Father Arthur Lai Fook

94 years - Arouca


Arthur was born at Penal Rock Road. My father came from China, my mother [also of Chinese descent] came from Guyana. My father was a Buddhist but did not practise, my mother was Anglican and she didn't drink out of the same cup as others. They spoke Cantonese and ran a shop in Penal that sold everything including liquor…we had a rum shop attached.

"Ganja was sold [in shops]. It was lawful and the only people who used it were Indians." Many Chinese immigrants opened stores and moved place to place following the oil fields. The store ran by Arthur’s parents catered for 10 people.

Moving from Penal to Port of Spain:I was the youngest of eight children: five boys and three girls. When I was a baby, I went to live with my eldest sister in Port of Spain. My mother appreciated education and sent everyone to school. I went to Columbus primary school on Nelson Street at age four… there were very little East Indian children.

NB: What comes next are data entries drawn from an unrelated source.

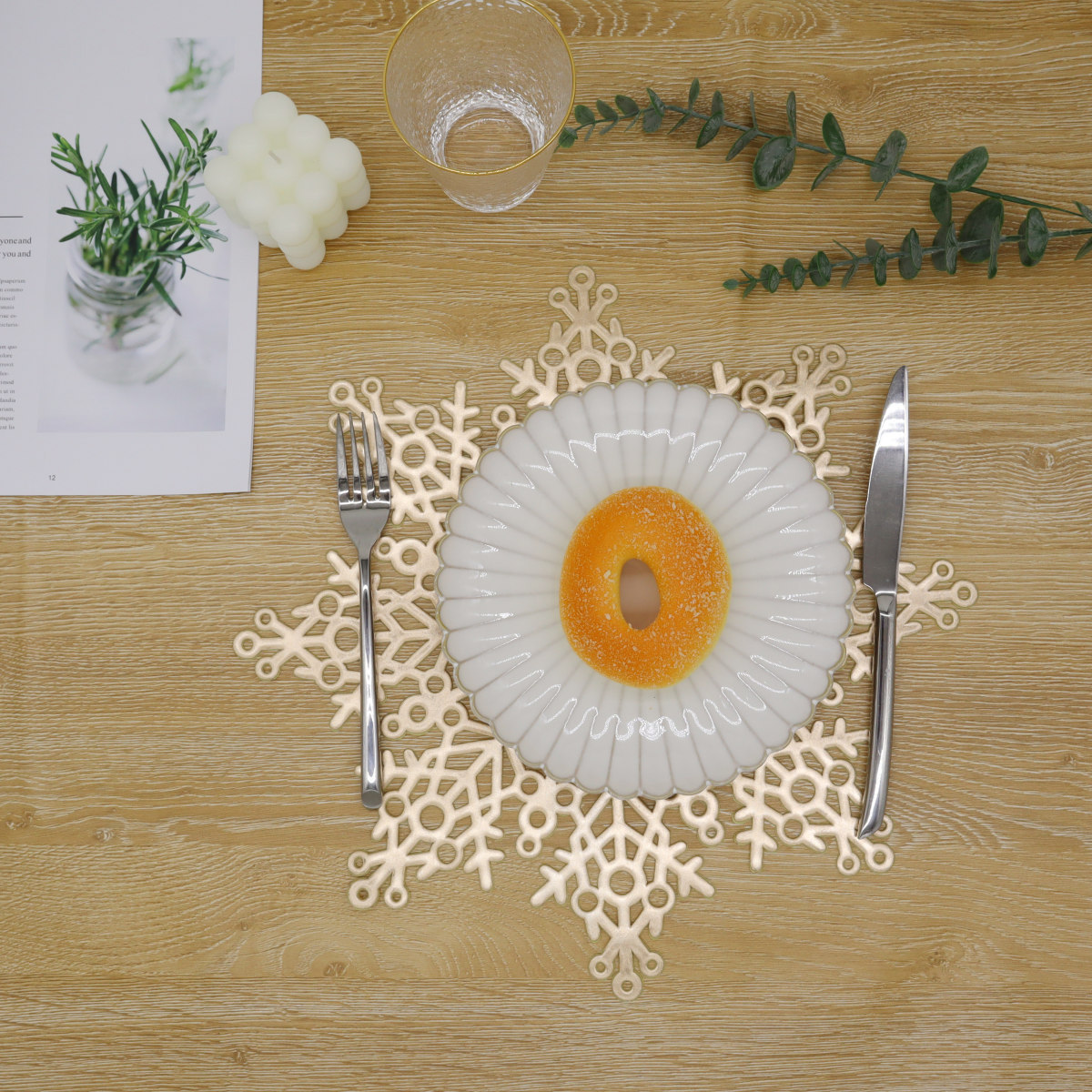 雪花PVC餐桌垫西餐垫隔热垫厨房垫子圣诞节主题烫金缕空餐桌垫详情5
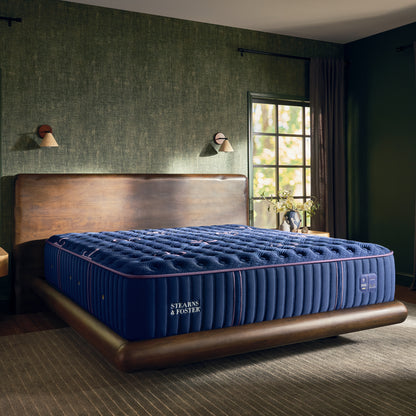 Legacy Medium Tight Top II bedroom three-quarter view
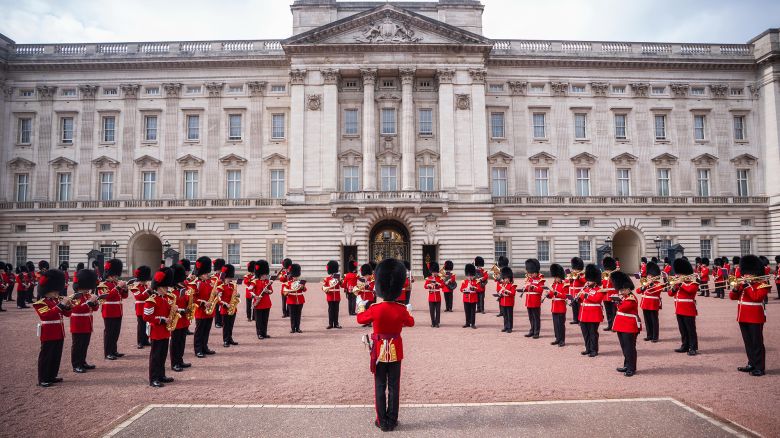 Members of the band of the Coldstream Guards and Welsh Guards play a tribute to singer Dolly Parton during the Changing the Guard at Buckingham Palace, London. The death of the country superstar was announced by Parton's family on Tuesday night following a "brief battle with cancer". Picture date: Wednesday August 26, 2026. PA Photo. Photo credit should read: James Manning/PA Wire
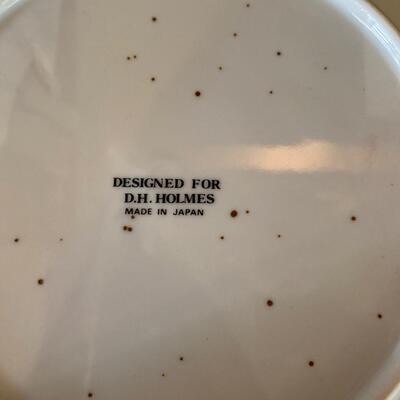 Vintage D H Holmes crab plates - two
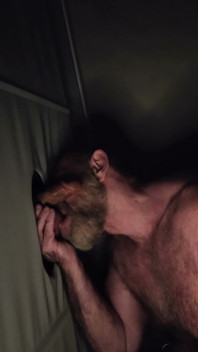 Bearded Man ve gloryhole
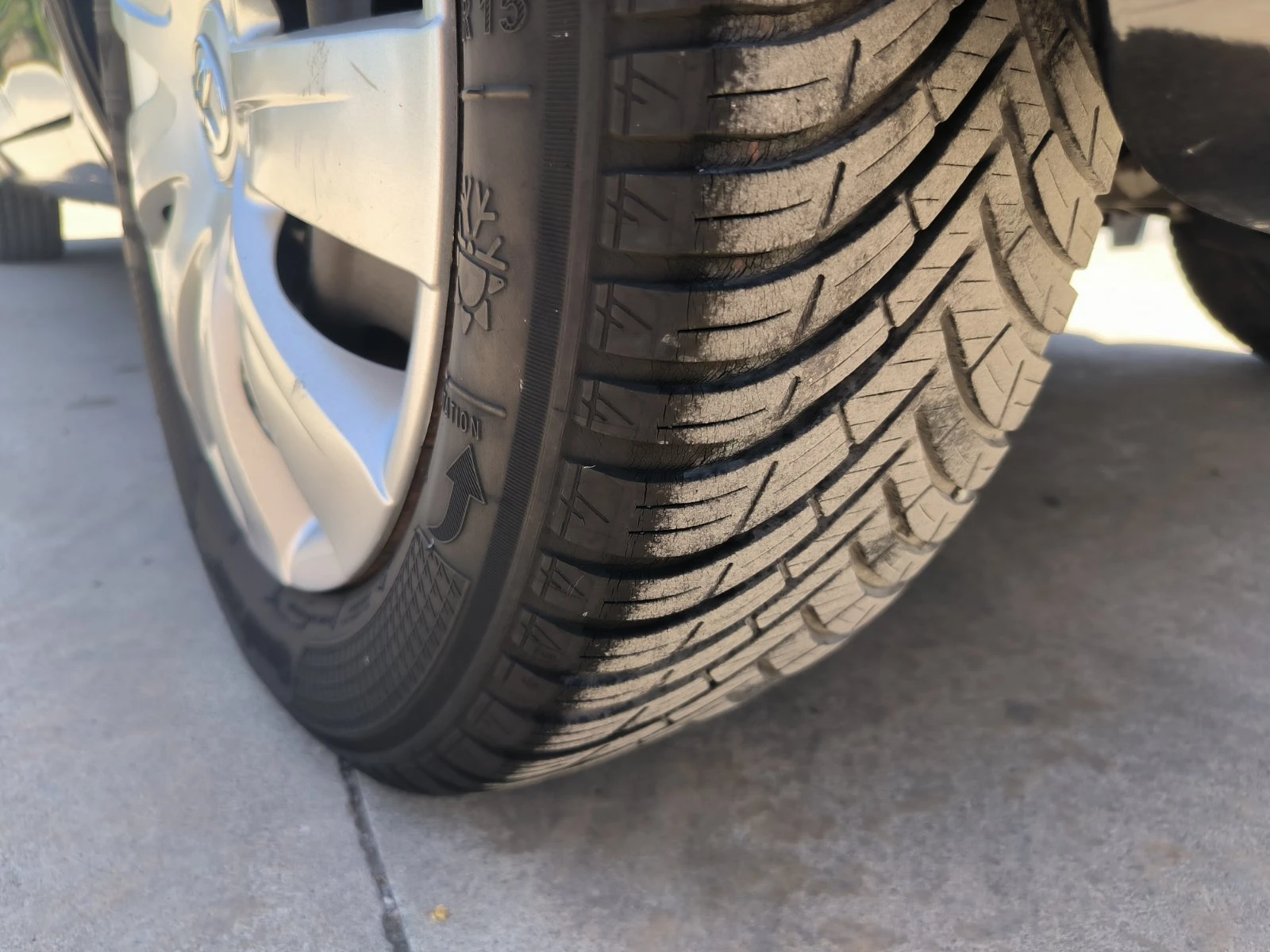 Toyota Yaris 1.3i-Gpl-Euro-4 - изображение 8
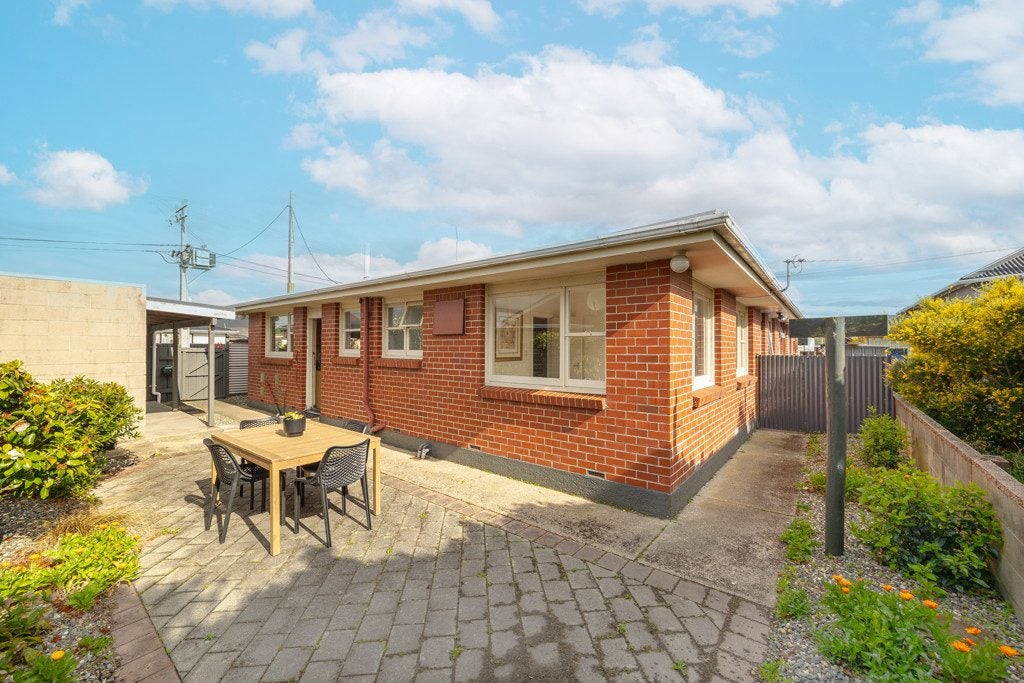 55 Dalgety Street, Saint Kilda, Dunedin - Carousel 1
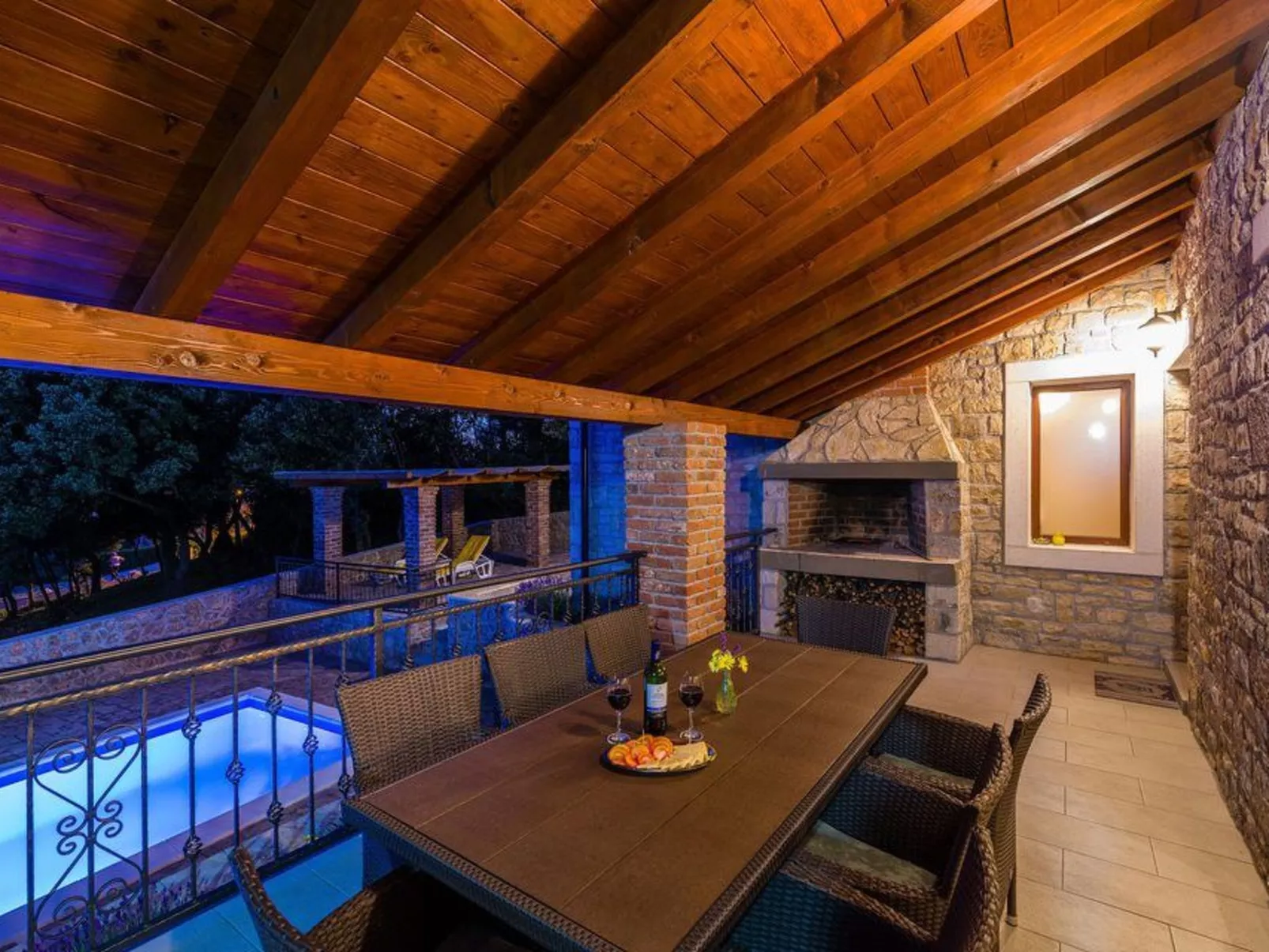 Ferienvilla Roko mit beheiztem Pool-Buiten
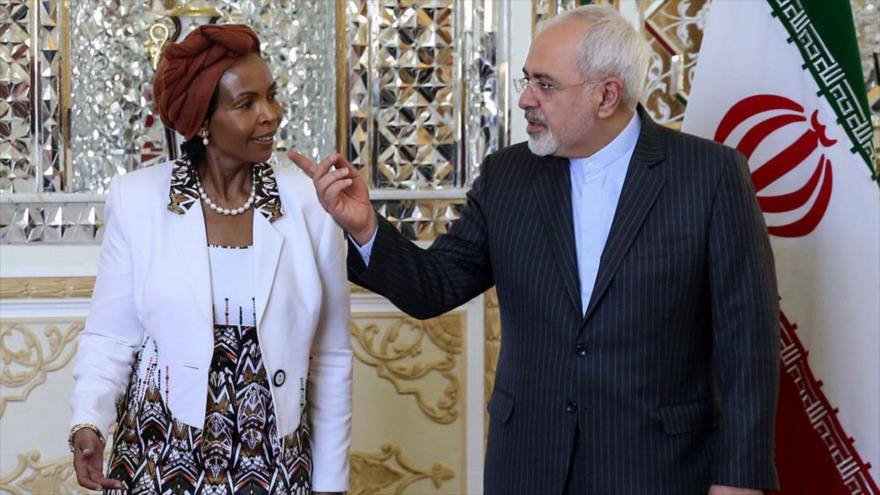 El canciller iraní, Mohamad Yavad Zarif, y su par sudafricana, Maite Nkoana-Mashabane, en Teherán, 10 de mayo de 2015.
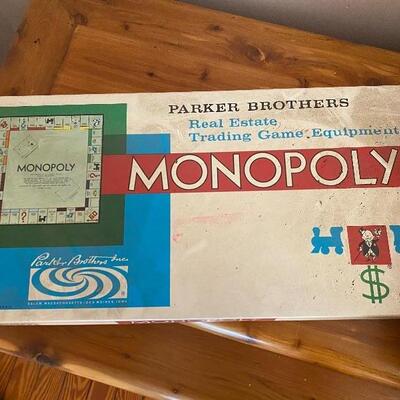 Lot MB138: Vintage Games 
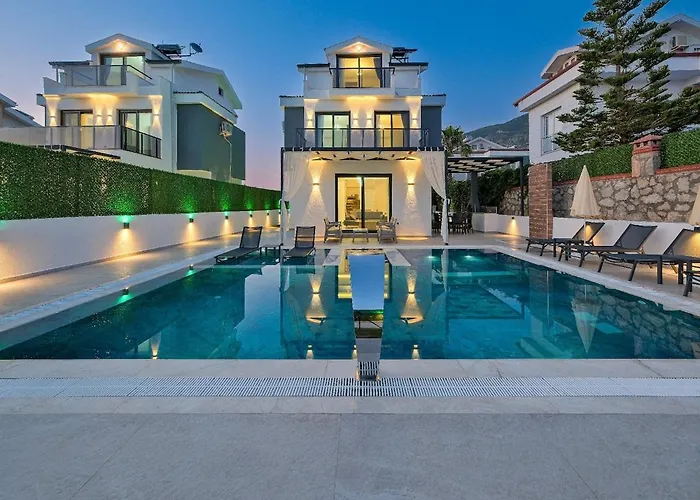 Detached With Private Pool In Oeluedeniz, Villa *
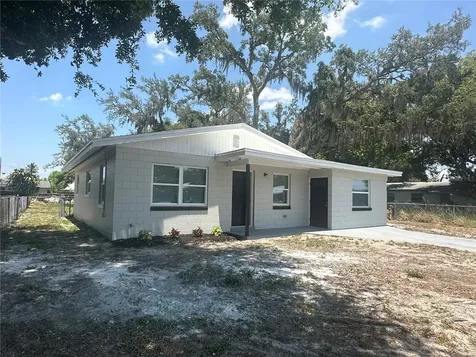 112 Kim Street Auburndale FL 33823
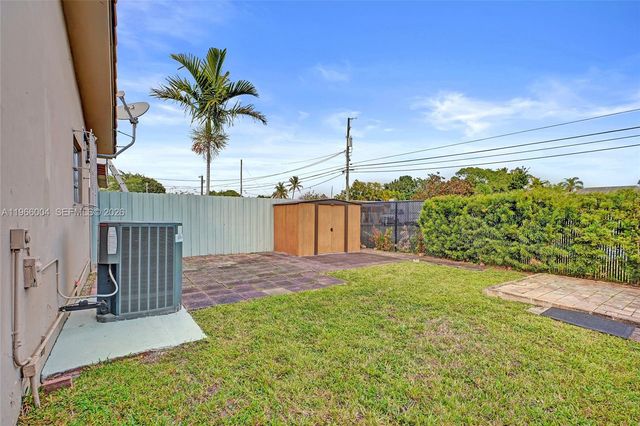 6501 SW 30th St, Miami, FL 33155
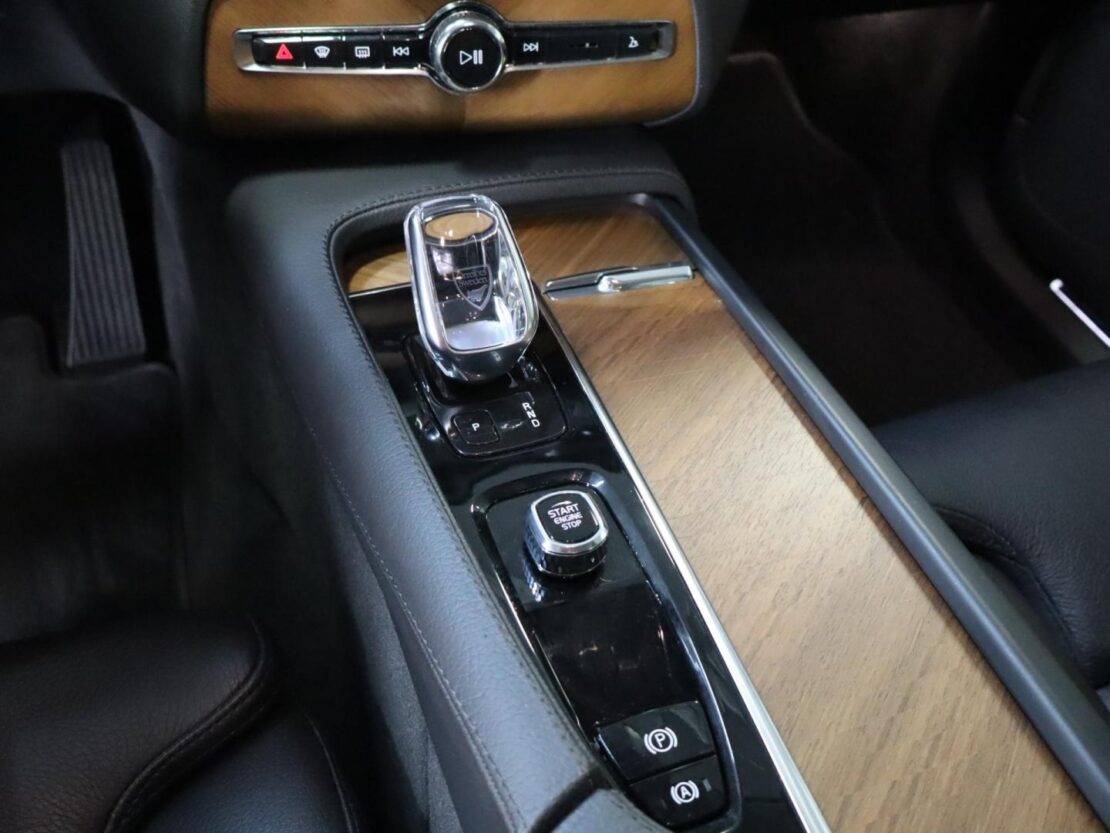 Volvo XC90 T8  AWD HYBRID Inscription 27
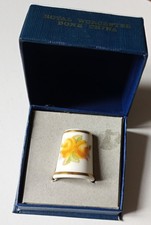 Vintage Royal Worcester Fine Bone China Thimble Orange Flowers Gold Rim Boxed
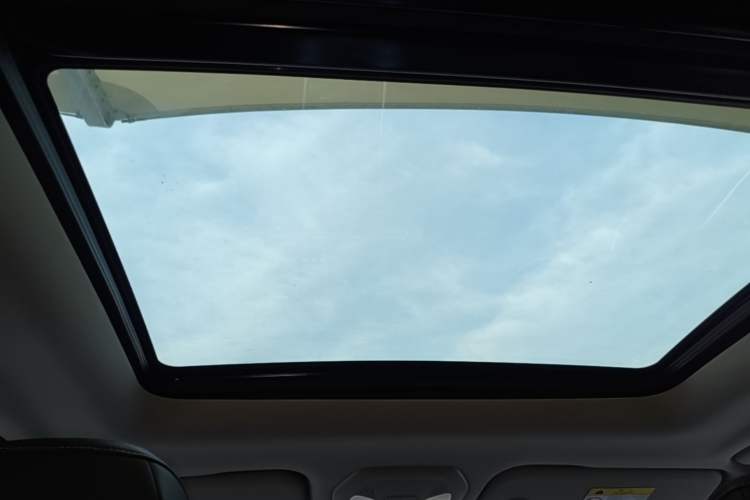 Used SAIC MAXUS G50 2023 PLUS 1.5T Automatic Cruise Version Headliner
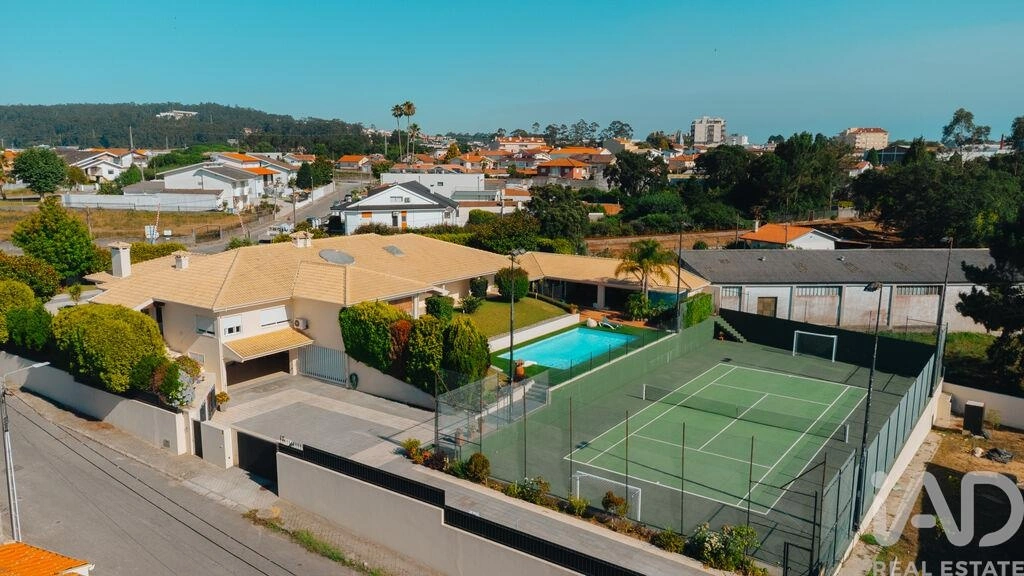 1 - venda villa paços de brandão região do centro portugal
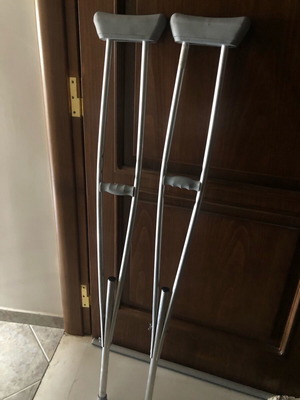 Crutches like new, used a few days
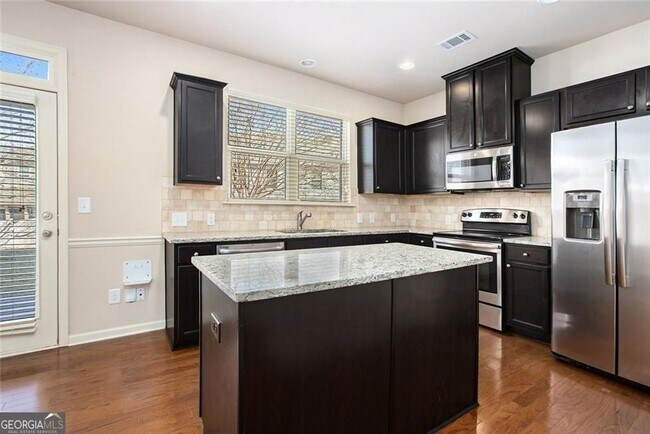 Building Photo - 2426 Bellyard Dr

Arthur was raised by his eldest sister who was also looking after her other siblings while she worked. "We lived at 25 Queen Street in a poor area and walked to Columbus school." When asked what his sister would make to eat he said he could not recall but "I remember eating a lot of rice, everything was with rice."

Six-teen dollars a term was the tuition at St Mary’s College, (the average monthly wage was forty dollars). "I went to St Mary's College in 1930, there were about 200 students at the time and classes were taught by Holy Ghost fathers only. I boarded at Pantin's Bakery while at St Mary's. After CIC, I studied math in Ireland during WWII."

In 1939, he attended university in Dublin, Ireland. Arthur completed a BSc and an MSc in Mathematics. Studying in Ireland and then Switzerland during WWII seemed to have had little effect on this scholar’s ambitions and achievements. Receiving many awards for his work in mathematics and hailed as one of the brightest minds in that field, he remains humble and unceremonious about much of it.

Arthur Lai Fook returned to Trinidad in 1947 to teach mathematics at CIC and for decades he remained the most iconic of the teachers at that school.